▸ THE DATA
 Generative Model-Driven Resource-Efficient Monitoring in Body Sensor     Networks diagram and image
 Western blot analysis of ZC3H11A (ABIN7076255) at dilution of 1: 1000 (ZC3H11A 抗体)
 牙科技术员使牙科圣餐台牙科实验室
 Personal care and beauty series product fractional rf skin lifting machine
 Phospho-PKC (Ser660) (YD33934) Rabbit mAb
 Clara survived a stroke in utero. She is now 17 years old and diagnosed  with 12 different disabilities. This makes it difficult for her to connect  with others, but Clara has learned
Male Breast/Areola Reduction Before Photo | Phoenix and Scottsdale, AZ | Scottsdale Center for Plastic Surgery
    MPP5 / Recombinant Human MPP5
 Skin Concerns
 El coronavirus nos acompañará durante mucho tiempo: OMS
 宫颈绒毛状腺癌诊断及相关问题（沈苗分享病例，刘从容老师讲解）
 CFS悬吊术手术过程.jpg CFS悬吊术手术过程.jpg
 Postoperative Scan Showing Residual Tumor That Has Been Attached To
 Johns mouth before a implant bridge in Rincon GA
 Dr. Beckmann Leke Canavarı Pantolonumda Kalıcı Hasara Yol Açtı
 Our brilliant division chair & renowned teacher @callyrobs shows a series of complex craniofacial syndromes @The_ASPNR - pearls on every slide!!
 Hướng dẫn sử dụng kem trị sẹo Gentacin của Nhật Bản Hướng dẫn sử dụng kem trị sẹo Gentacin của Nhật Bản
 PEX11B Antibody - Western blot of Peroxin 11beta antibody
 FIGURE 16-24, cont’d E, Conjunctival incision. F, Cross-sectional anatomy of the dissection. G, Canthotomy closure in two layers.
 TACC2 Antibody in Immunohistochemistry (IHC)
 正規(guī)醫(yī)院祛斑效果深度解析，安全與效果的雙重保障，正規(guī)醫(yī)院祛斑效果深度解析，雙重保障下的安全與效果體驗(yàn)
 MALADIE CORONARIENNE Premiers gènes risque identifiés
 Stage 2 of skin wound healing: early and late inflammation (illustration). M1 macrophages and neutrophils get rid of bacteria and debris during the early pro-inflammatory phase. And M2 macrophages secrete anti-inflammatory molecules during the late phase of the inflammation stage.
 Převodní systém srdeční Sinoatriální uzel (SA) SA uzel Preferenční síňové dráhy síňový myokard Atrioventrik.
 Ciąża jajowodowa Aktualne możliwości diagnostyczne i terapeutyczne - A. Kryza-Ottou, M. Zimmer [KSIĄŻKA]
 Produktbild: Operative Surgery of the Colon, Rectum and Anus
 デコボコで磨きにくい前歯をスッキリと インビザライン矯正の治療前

▸ EXERCISE
Set down, exactly as they stand above, the lines starting with the line with "Nhật Bản Hướng" and going on through the line with "Převodní systém srdeční", and no others.

▸ RESULT FOR THIS EXERCISE
 Hướng dẫn sử dụng kem trị sẹo Gentacin của Nhật Bản Hướng dẫn sử dụng kem trị sẹo Gentacin của Nhật Bản
 PEX11B Antibody - Western blot of Peroxin 11beta antibody
 FIGURE 16-24, cont’d E, Conjunctival incision. F, Cross-sectional anatomy of the dissection. G, Canthotomy closure in two layers.
 TACC2 Antibody in Immunohistochemistry (IHC)
 正規(guī)醫(yī)院祛斑效果深度解析，安全與效果的雙重保障，正規(guī)醫(yī)院祛斑效果深度解析，雙重保障下的安全與效果體驗(yàn)
 MALADIE CORONARIENNE Premiers gènes risque identifiés
 Stage 2 of skin wound healing: early and late inflammation (illustration). M1 macrophages and neutrophils get rid of bacteria and debris during the early pro-inflammatory phase. And M2 macrophages secrete anti-inflammatory molecules during the late phase of the inflammation stage.
 Převodní systém srdeční Sinoatriální uzel (SA) SA uzel Preferenční síňové dráhy síňový myokard Atrioventrik.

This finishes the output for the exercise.